New environmental schemes can highlight shooting’s positive role in the countryside
The government’s new environmental land management schemes are an open door for management practices undertaken for shooting and conservation, says the British Association for Shooting and Conservation (BASC).
The two new schemes unveiled by the Secretary of State for Defra George Eustice at the Oxford Farming Conference will play a pivotal role in the Governments’ objectives of halting the decline of species by 2030, bringing up to 60% of England’s agricultural soil under sustainable management by 2030, and restoring 300,000 hectares of wildlife habitat by 2042.
Responding to the announcement, Ian Danby, BASC head of biodiversity, said: “These new schemes offer a superb opportunity for people who shoot to work with landowners to put forward good quality applications for funding. Both schemes are looking to restore natural processes, increase more extensive land management and promote the recovery of England’s most threatened species. Management practices undertaken for shooting already contribute towards these objectives and can do so to a greater extent through these schemes.
“Although we are all awaiting the detailed guidance of this pilot stage, BASC suggest applications need to highlight where sustainable shooting will enhance the project and where it will directly improve the quality of habitats created and the recovery of species.”

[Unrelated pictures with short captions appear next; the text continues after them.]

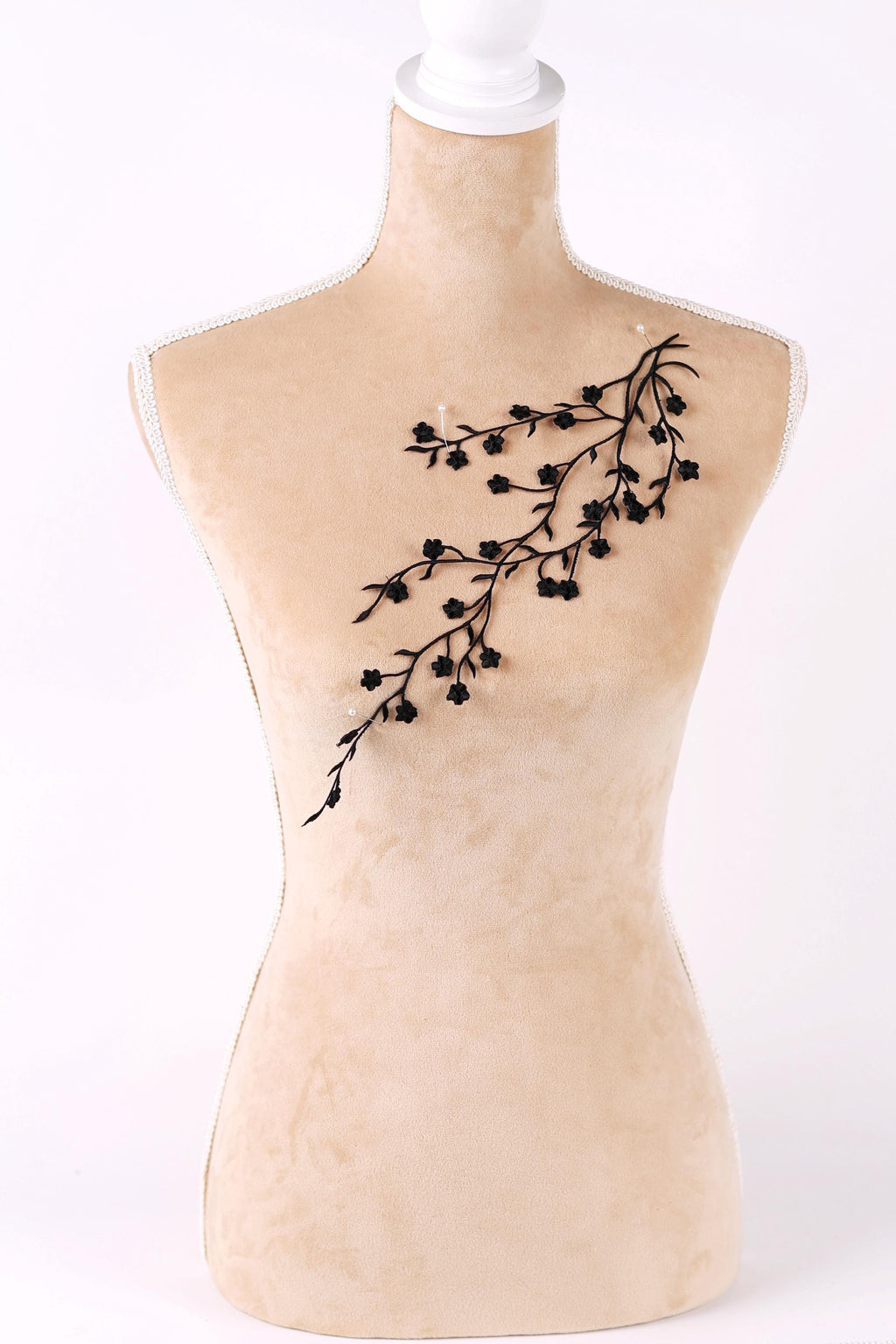 A mannequin with a beige body and a black branch design on its chest.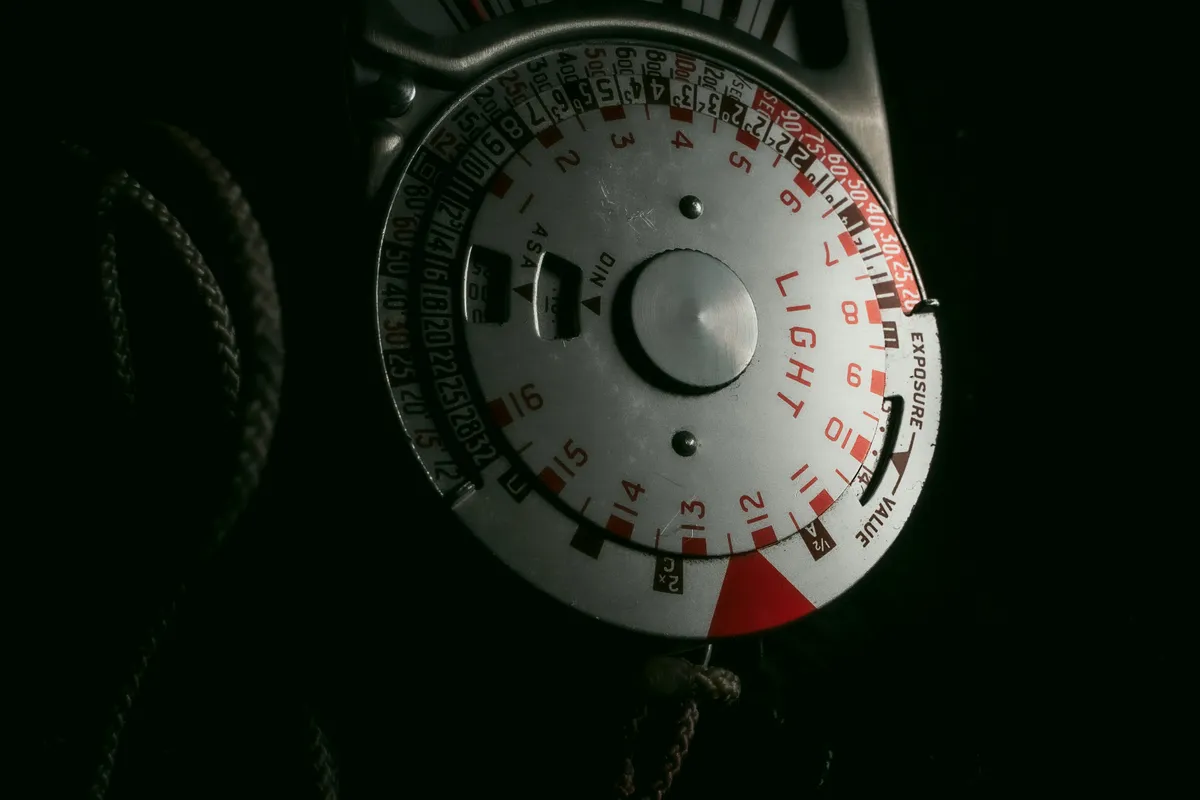 A speedometer dial lit up in the dark, needle rising through the sweep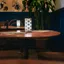 An empty round table with chairs pushed in, in a quiet restaurant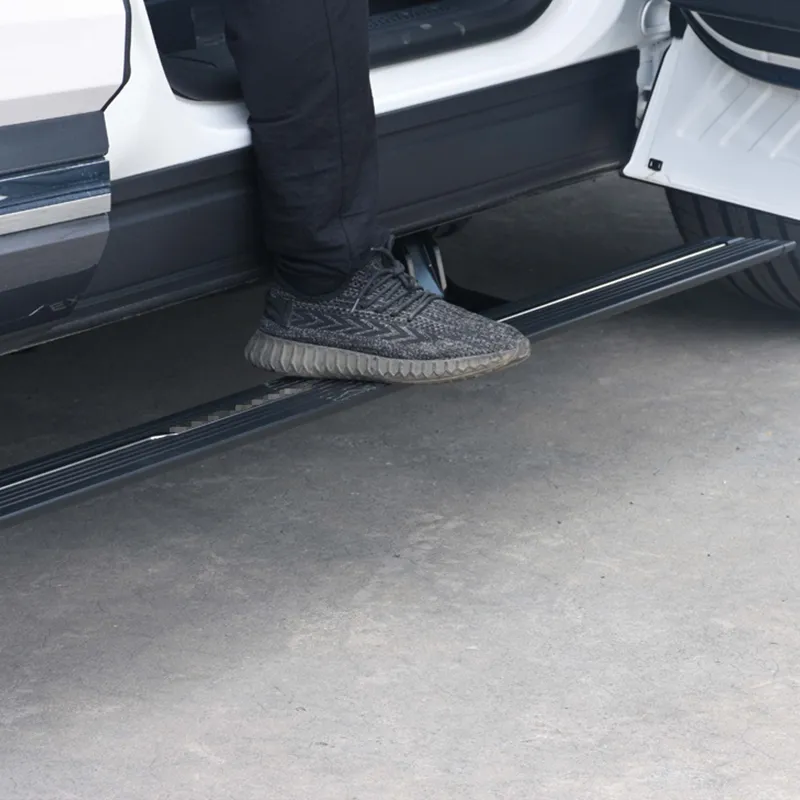Close-up of a shoe stepping securely onto the textured surface of gmc sierra running boards.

BASC has been party to the development process of these two schemes. The Landscape Recovery Scheme is aimed at large scale and long-term projects to provide landscape and ecosystem recovery. This could suit larger landowners working together, like shooting estates, to conserve key species such as the curlew or rewet peatland habitats.
The Local Nature Recovery Scheme is aimed at single or multiple farm-scale interventions to make more space for nature. This could fit in with the aspirations of farm-scale shooting activity that want to see improved habitat on farmlands such as shelterbelts, cover crops and woodland management.